De manera que usted ha sido entrenada o entrenado a la perfección en los meses del año y por supuesto en el abecedario.
Ahora bien, si le pidiera ahora que repitiera mentalmente los meses del año… pero por orden alfabético ¿Qué le estaría ocurriendo? ¿No es sencillo algo tan sencillo? No puede decirse que usted no sepa los meses del año o que desconozca el alfabeto que usa para leer esto que está leyendo. Es un tema que ya dejamos saldado en el párrafo anterior… ¿Los sigue ordenando en su cabeza mientras lee? Le va a llevar más tiempo del que piensa y va a cometer algunos errores. A todos les ha ocurrido, chicos y adultos a quienes les propuse este fácil desafío. Y también me ocurrió a mí cuando me lo presentaron y aún hoy debo esforzarme más de lo esperado cuando tengo que resolverlo. Es entonces que va a utilizar distintas estrategias, listas mentales variadas, repaso de los meses para ir escribiéndolos por orden o también intentará escribir todos los meses y ordenarlos con un número de acuerdo a su letra inicial, en fin… que se ha enfrentado a un desafío que no tiene respuesta inmediata y conocida desde los protocolos con los que efectuó sus aprendizajes escolares y por lo tanto tiene que ponerse a pensar.

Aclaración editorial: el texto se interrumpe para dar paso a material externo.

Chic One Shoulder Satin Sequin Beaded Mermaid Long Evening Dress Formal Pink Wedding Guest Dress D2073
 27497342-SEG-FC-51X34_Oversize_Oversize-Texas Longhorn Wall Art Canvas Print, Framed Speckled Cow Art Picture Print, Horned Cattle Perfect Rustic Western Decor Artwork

Porque lo que se sabe no sirve ante los nuevos desafíos. Cada uno debe ponerse a relacionar, conectar saberes, observar, discriminar, interpretar, decidir, para salir de esas áreas inciertas que proponen incluso juegos tan sencillos como el que acabamos de abordar. Es muy difícil aprender como no se aprendió y no aprender cómo se aprendió.
Cada uno responde desde los aprendizajes institucionales que concretó en su proceso educativo. Cada nuevo desafío es un cambio de escenario sobre el que se edificaran nuevos aprendizajes sobre las bases o las ruinas de los históricos. Las instituciones que delimitaron nuestra infancia, escuela, familia, iglesia, Estado, partidos políticos, configuraron nuestra subjetividad y desde ella miramos la realidad. Por eso decimos que la realidad tiene la máscara de nuestra subjetividad. Y es una máscara real.
Así que imagínese que, si estas marcas institucionales han quedado indelebles en nosotros, a tal punto que nos dificulta construir aprendizajes nuevos alrededor de aquellos viejos saberes tan sencillos como el abecedario o los meses del año, lo que ha ocurrido con los valores trasmitidos con la misma eficacia y eficiencia. Se encuentran profundamente instalados en nuestra subjetividad y condicionan y obstaculizan cualquier otro aprendizaje nuevo en cualquier ámbito. La pulcritud y otros valores, por ejemplo, están burilados en nuestra conciencia y a partir de esos preceptos valoramos el mundo.
A partir de esta idea de que podemos reconocer cómo aprendimos, cómo fuimos enseñados y que podemos saber cómo lo hicimos, podemos aprender cómo aprendimos. Es decir, teniendo en cuenta que podemos reflexionar juntos a través de un pequeño juego sobre cómo fuimos enseñados, en qué secuencias, con qué itinerarios, y qué marcas institucionales delimitaron nuestra subjetividad, avanzaremos en una propuesta más adecuada y realista en relación con la enseñanza de valores hoy. Ya no desde lo que cada uno de nosotros y nuestro entorno entiende que son los adecuados porque nos los transmitieron institucionalmente desde nuestras maestras de las primeras letras, y más atrás aún, nuestros padres y nuestros abuelos criándonos y sus marcas y mandatos familiares; sino que la atención estará posicionada en la ayuda que le daremos, que les debemos dar a los estudiantes, a los niños, a los jóvenes, porque se lo debemos, para que se entrenen en descubrir los valores que viven dentro de cada uno y desenmascarar la manera y por qué los otros los viven, los sienten, los piensan de manera distinta, a veces complementaria o contradictoria o conflictiva o indiferente.